Tomes have been written on the Lord’s Supper.  It’s the defining act of Christian worship each week.  It is a deep, powerful expression of Jesus’ love for us, and our devotion to him.  It neatly symbolizes the relationship we ought to cultivate with him, and the manner in which he proved his care for us.  Yet, comparatively little is said about it in the Scriptures themselves.

Matthew, Mark, and Luke all record the scene in that upper room in Jerusalem, but Matthew spends only four verses on the Lord’s Supper (Mt 26.26-29), and Mark’s version (also four verses—Mk 14.22-25) manages to be a hair more concise even than Matthew’s, with the omission of several explanatory words and phrases, in favor of a more economical, man-of-few-words approach.  Luke, ever the academic, gives it a little more space (Lk 22.14-23), devoting ten verses to the memorial and including a few small details passed over by Matthew and Mark.  But John throws us a characteristic curveball, spending chapters 13 through 17 of his Gospel on the events that took place in that upper room, while neatly avoiding the centerpiece, the memorial Jesus established.

The longest treatment of the Lord’s Supper in the Bible is found, not in the Gospels, but in 1 Corinthians—a letter to a church struggling in many respects, including their observance of this act of worship.  Even here, it only gets 18 verses (1Co 11.17-34), and Paul dedicates a fair amount of his verbiage to reminding these people what they’re supposed to be doing, and why they’re supposed to be doing it.  As for his narration of the scene in that upper room…well, that comprises just three verses, covering just the basic facts.

What I hope this demonstrates is that it is unnecessary to theologize, christologize, science-ify, and pontificate about the precise spiritual mechanisms by which the power of communion imbues the participant with Eucharistic grace, or some other such arcane nonsense.  Did Jesus convey such a notion to his Apostles, when he said simply , “Take, eat; this is my body” (Mt 26.26)?  Of course, it’s worth contemplating the full meaning of all that Jesus told them, and all that Paul told the Corinthian Christians as well, but it’s ludicrous to develop a highfalutin, jargon-filled, binding orthodoxy, when God himself left it somewhat vague—to be taken on faith.

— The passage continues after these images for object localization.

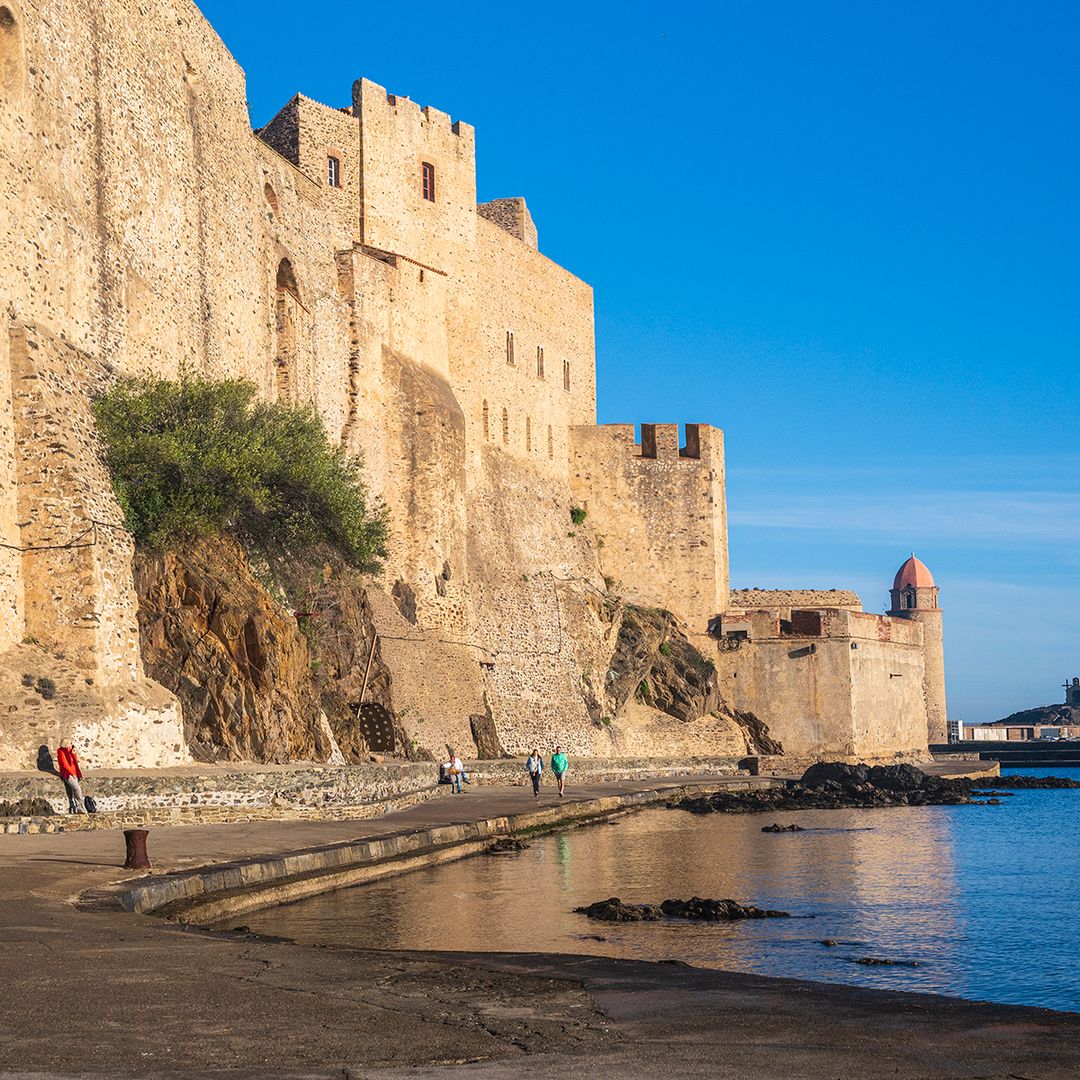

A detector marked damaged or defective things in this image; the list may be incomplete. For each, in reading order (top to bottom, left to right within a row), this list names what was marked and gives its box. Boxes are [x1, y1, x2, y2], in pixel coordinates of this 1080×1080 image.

rusty mooring post [123, 829, 151, 872]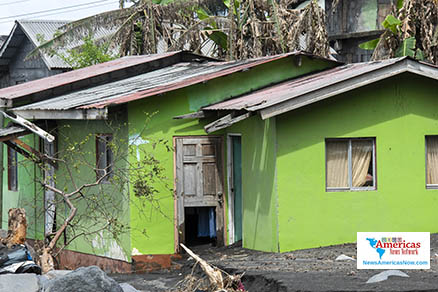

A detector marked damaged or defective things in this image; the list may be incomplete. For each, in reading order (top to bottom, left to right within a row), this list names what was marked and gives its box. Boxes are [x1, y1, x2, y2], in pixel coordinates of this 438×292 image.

rusty metal roof [0, 51, 186, 102]
rusty metal roof [12, 52, 328, 112]
rusty metal roof [203, 57, 418, 113]
broken wood plank [204, 112, 252, 134]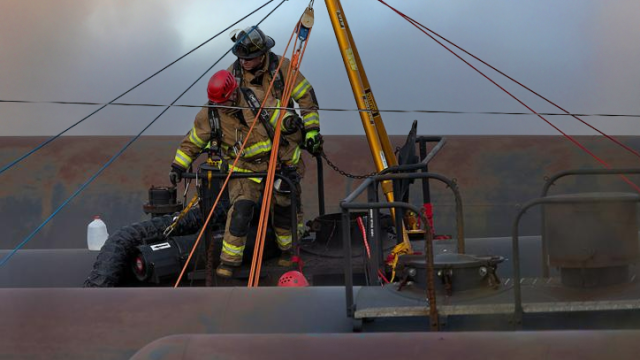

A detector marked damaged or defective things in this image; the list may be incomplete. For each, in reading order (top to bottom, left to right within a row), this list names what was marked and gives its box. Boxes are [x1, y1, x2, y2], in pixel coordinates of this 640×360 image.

rusty metal surface [1, 135, 640, 250]
rusty metal surface [129, 332, 640, 360]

Jesus called it a remembrance (Lk 22.19, 1Co 11.25), not a sacrament.  He didn’t even call it an ordinance, the term used by most Protestant denominations—although in a non-technical sense that’s at least an accurate description.  Jesus focused first on the tangible, visible, and obvious, while also drawing on their shared knowledge and awareness of God’s covenant with the Israelites.

When he distributed the bread, he told his disciples to take and eat, and said, “this is my body, which is given for you” (Lk 22.19).  He didn’t launch into a treatise on vicarious atonement.  Instead, he simply let their shared understanding of the Passover they were celebrating that night point them in the right direction—which is not to say, even, that they all fully understood what he meant (when did they ever?).  No, it is simply his body, “given for you.”

For the cup, the most verbose account of Jesus’ words is Matthew’s: “Drink of it, all of you; for this is my blood of the covenant, which is poured out for many for the forgiveness of sins” (Mt 26.27-28).  Once again, we might have expected him to go into more detail about exactly how that transaction occurs, and when, and precisely for whom; but he doesn’t.  His few words have already told us a lot: that his blood would establish a “new” (Lk 22.20, 1Co 11.25) covenant, replacing the old one; that his blood would be “poured out”—i.e. that he would die violently; that the sacrifice would be made on behalf of “many,” not just those present in the room; and that it would be made for the purpose of securing forgiveness of sins.

All of those terms need defining, of course, and the only proper way to accomplish this is by further study of God’s Word, in both Old and New Testaments; however, Jesus was putting this into terms that uneducated fishermen from Galilee could comprehend, and comprehend it well enough to (with God’s help) effectively teach it to others, both Jew and Gentile.  We shouldn’t be completely satisfied with this as we grow and mature, but neither should we treat a fundamental understanding of these basic principles as if it fails to reach God’s standard.  Jesus gave himself to die for us, to rescue us from sin and secure us a place in God’s Kingdom.  Now, he wants us to fill ourselves with him—with his body, blood, and memory.  That’s not the whole story, but it’s a start.  Don’t lose sight of it.